* [What the task asks]:
Look below for the line that has "Áo Ngực Phối". Set down the lines from there through the line that has "Bộ hình rem re zero", exactly as written.

--- Source information ---

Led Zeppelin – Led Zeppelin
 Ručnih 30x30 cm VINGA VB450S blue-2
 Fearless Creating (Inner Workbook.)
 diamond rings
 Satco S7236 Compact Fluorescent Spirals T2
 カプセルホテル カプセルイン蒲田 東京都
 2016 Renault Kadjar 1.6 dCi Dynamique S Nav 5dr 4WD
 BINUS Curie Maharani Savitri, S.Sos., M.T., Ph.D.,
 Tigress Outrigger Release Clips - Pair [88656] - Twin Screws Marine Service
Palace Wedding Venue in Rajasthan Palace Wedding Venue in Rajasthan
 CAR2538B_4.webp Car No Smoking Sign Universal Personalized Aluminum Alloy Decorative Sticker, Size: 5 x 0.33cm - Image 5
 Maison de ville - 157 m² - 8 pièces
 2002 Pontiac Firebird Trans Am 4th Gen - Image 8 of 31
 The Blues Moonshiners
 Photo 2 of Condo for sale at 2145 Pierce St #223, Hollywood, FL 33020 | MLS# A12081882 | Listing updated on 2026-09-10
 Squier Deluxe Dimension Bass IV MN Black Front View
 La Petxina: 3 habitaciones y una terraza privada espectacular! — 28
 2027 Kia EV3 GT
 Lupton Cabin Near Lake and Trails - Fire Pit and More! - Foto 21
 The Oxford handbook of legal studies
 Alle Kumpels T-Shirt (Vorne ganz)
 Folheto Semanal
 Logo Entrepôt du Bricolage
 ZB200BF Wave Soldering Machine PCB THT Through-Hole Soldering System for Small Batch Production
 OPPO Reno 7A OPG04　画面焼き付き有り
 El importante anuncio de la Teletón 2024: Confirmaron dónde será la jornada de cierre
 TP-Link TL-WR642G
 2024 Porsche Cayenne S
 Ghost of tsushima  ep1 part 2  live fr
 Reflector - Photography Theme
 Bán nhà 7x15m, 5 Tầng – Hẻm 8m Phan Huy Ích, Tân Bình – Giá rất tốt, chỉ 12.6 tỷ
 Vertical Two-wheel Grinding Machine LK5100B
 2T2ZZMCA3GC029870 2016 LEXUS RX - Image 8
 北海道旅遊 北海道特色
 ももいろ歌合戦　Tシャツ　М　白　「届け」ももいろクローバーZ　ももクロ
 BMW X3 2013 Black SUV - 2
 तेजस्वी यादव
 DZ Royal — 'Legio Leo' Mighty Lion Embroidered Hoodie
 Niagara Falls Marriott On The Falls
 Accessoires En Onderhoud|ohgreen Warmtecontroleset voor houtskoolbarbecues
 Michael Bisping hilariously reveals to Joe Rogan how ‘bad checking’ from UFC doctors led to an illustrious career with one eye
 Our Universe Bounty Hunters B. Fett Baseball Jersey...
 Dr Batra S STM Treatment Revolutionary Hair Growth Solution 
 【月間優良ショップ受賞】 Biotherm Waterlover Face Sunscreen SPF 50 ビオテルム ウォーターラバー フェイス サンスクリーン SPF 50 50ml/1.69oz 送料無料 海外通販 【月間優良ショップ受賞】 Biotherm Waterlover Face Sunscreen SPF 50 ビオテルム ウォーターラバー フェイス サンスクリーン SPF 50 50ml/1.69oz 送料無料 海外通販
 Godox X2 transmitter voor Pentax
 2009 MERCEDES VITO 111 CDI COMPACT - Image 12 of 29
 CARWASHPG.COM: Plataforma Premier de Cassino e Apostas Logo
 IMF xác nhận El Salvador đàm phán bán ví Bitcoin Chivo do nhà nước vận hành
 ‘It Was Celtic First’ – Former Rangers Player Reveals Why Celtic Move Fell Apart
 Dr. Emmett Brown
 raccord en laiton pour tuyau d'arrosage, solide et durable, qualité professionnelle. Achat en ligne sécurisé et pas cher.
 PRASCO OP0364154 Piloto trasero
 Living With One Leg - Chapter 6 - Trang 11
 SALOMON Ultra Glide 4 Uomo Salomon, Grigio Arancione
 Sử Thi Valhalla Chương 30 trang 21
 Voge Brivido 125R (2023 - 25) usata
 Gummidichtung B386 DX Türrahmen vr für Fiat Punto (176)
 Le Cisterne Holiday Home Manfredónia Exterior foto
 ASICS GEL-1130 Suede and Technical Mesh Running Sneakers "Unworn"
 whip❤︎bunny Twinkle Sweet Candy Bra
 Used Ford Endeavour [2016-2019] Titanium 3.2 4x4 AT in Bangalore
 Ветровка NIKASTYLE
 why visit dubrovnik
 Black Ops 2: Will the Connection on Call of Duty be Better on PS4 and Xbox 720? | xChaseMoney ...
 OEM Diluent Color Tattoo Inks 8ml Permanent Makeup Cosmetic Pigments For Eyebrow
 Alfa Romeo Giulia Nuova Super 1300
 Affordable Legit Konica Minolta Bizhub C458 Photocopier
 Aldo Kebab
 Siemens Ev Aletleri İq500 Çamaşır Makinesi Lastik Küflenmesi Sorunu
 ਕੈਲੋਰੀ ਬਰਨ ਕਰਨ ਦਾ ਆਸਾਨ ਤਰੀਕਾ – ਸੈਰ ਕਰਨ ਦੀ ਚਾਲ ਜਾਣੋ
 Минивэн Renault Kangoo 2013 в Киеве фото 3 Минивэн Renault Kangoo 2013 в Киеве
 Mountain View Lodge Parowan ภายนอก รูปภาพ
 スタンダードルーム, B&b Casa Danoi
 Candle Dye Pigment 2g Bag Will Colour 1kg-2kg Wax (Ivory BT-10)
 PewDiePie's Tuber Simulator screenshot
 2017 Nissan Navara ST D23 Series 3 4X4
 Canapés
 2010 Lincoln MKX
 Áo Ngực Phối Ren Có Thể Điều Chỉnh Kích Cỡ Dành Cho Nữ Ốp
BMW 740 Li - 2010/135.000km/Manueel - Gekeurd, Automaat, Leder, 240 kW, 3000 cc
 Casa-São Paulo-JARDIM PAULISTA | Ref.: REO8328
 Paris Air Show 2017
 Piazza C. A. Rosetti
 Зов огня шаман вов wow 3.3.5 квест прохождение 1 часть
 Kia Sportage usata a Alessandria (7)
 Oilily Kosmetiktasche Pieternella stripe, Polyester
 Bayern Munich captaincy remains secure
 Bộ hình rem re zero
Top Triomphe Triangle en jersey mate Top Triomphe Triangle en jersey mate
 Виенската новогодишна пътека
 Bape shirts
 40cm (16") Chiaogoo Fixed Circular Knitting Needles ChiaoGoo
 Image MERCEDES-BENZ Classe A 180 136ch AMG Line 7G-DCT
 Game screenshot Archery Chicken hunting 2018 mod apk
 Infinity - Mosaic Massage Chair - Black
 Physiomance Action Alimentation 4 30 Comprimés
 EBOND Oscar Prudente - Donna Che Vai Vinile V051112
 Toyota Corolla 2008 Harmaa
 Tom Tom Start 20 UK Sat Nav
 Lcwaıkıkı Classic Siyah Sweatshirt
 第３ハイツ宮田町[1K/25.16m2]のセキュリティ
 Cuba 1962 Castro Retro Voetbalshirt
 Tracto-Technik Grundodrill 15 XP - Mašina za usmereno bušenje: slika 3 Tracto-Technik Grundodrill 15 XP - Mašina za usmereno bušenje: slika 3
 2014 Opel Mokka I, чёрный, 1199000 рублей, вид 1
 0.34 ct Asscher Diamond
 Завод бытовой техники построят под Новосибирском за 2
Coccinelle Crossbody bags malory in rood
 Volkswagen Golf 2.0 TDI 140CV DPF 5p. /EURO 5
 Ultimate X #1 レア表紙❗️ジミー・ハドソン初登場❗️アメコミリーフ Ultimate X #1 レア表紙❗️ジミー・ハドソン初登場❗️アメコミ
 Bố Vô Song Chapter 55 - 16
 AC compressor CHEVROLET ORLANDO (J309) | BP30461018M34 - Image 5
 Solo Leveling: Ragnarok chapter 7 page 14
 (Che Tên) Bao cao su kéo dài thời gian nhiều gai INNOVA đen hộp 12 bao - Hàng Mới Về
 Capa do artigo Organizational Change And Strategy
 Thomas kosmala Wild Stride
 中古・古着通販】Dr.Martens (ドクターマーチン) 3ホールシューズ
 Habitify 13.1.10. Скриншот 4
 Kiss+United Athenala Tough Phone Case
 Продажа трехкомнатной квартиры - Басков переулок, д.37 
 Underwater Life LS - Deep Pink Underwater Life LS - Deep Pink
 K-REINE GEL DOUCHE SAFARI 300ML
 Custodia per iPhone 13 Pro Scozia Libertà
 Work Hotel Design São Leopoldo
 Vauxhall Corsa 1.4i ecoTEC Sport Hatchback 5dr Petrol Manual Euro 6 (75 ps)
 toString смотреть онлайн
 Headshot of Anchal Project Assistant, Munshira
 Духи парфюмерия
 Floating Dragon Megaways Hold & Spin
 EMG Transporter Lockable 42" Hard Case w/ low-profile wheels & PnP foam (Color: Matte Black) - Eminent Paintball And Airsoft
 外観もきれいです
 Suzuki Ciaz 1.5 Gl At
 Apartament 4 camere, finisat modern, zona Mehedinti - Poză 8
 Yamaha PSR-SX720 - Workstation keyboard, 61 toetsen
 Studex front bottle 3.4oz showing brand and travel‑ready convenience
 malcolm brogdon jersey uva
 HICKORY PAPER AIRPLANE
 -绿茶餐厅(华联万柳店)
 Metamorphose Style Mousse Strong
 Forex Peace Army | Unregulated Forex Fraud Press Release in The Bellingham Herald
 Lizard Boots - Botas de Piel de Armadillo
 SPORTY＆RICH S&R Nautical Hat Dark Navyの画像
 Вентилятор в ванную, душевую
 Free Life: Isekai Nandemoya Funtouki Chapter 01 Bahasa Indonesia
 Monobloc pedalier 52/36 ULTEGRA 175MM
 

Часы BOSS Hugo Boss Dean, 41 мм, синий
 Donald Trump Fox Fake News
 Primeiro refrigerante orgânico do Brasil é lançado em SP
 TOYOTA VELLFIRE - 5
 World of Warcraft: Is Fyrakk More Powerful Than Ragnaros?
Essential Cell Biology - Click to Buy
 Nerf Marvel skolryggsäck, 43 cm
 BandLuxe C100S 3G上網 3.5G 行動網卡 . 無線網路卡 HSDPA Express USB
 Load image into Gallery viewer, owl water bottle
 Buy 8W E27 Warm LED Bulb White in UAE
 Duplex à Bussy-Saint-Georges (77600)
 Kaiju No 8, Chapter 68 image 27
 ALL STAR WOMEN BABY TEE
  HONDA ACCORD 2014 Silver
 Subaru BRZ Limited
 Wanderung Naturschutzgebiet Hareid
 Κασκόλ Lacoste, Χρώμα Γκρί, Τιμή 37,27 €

---

* [Exercise solution]:
 Áo Ngực Phối Ren Có Thể Điều Chỉnh Kích Cỡ Dành Cho Nữ Ốp
BMW 740 Li - 2010/135.000km/Manueel - Gekeurd, Automaat, Leder, 240 kW, 3000 cc
 Casa-São Paulo-JARDIM PAULISTA | Ref.: REO8328
 Paris Air Show 2017
 Piazza C. A. Rosetti
 Зов огня шаман вов wow 3.3.5 квест прохождение 1 часть
 Kia Sportage usata a Alessandria (7)
 Oilily Kosmetiktasche Pieternella stripe, Polyester
 Bayern Munich captaincy remains secure
 Bộ hình rem re zero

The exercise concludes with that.